38:09 They are pretty good.

38:10 All right.

38:11 We got time for another round.

38:12 Jodi, what's your second one?

38:13 Your second trend?

38:14 I'm going to talk about Arrow and how we're kind of overhauling data frames within Python.

38:21 So basically around 15 years ago, Wes McKinney came up with Pandas, which is, you know, if

38:28 you're not familiar with this, the main data frame library for working with data in Python.

38:34 And the really nice thing about Pandas is like you can go a long time before you graduate

38:39 Pandas.

38:40 You can work with quite a lot of data on your local machine.

38:43 But the problem was Wes wrote this package before we had big data.

38:47 This was like 2008.

38:48 And so as the sort of amount of data that we want to process locally has grown, or maybe

38:54 the complexity of the operations has grown, maybe like string manipulations, things like

38:58 that, Pandas has really struggled.

39:00 So one of the reasons that Pandas struggled is it was based on NumPy arrays, which are

39:05 really great at handling numbers.

39:06 This is in the name, but they're not so great at handling pretty much any other data type.

39:11 And that includes missing data.

39:13 So two kind of exciting things happened last year.

39:16 And I think they're sort of still kind of carrying over to this year in terms of impact

39:21 is first Pandas 2.0 was released, which is based on PyArrow and a package called Polars,

39:28 which was actually written, I think in 2022, I want to say, started becoming very, very

39:35 popular.

39:36 So both of these packages are based on Arrow.

39:39 They have like a number of advantages because of this.

39:42 Basically it's a standardized data format.

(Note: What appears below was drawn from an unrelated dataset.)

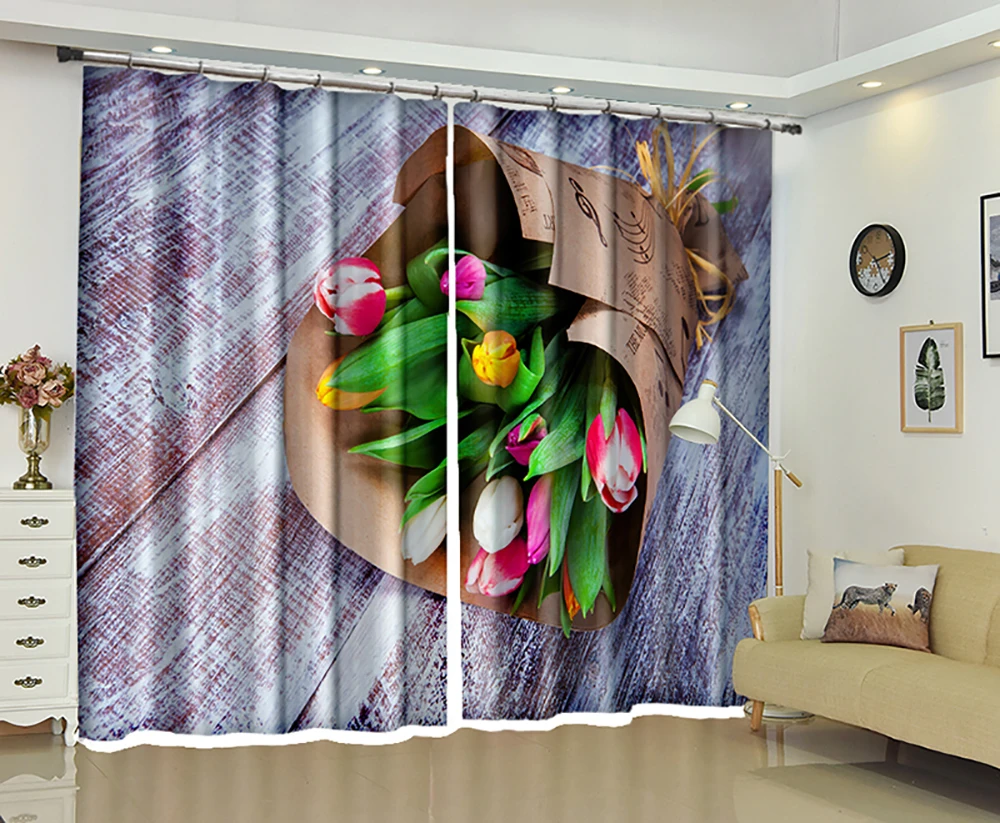 Positioning flower curtain pattern shading 3D curtains HD large map supports custom European | Дом и сад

39:44 If you're reading in from say Parquet or Cassandra or Spark, you basically don't need to convert

39:50 the data formats.

39:51 This saves you a lot of time.

39:52 It also saves you a lot of memory.

39:54 And also kind of what makes Polars interesting, and I think this is going to be a nice lead-in

39:59 to another topic is it's written in Rust, of course.

40:03 So this leads to other performance gains.

40:06 You can have say concurrency, Richie Vink, the author of this has also written basically

40:11 a query optimizer.

40:12 So you can do a lazy evaluation and it will actually optimize the order of operations,

40:17 even if you don't do that yourself.

40:18 Yeah, that's one of the biggest differences with Pandas is Pandas executes immediately

40:22 and you can create a big chain in Polars and it'll figure out, well, maybe a different

40:26 order would be way better.

40:28 Yes.

40:29 So Pandas 2 does have a type of lazy evaluation, but it's more like Spark's lazy evaluation.

40:34 There's no query optimization, but it doesn't necessarily create a new copy in memory every

40:41 single time you do something.

40:43 So I've kind of looked at the numbers and depending on the operation, Polars is usually

40:48 faster.

40:49 So it's kind of like your big boy that you want to use if you're doing like really beefy

40:53 like ETLs, like data transformations.

40:56 But Pandas 2 actually seems to be more efficient at some sorts of, what am I trying to say,

41:01 operations.

41:02 So this is super exciting because when I was going through, like initially as a data scientist,

41:08 when I was floundering around with my initial Python, it got really frustrating with Pandas

41:13 and you really kind of needed to understand how to do proper vectorization in order to

41:18 operate.

41:19 I mean, like do efficient operations.

41:21 Whereas I think these two tools allow you to be a bit more lazy and you don't need to

41:26 spend so much time optimizing what you're actually writing.

41:29 So yeah, exciting time for data frames, which is awesome.

41:33 Data is the heart of everything.

41:34 People are more likely to fall into good practices from the start.

41:38 You talked about these people coming who are not programmers, right?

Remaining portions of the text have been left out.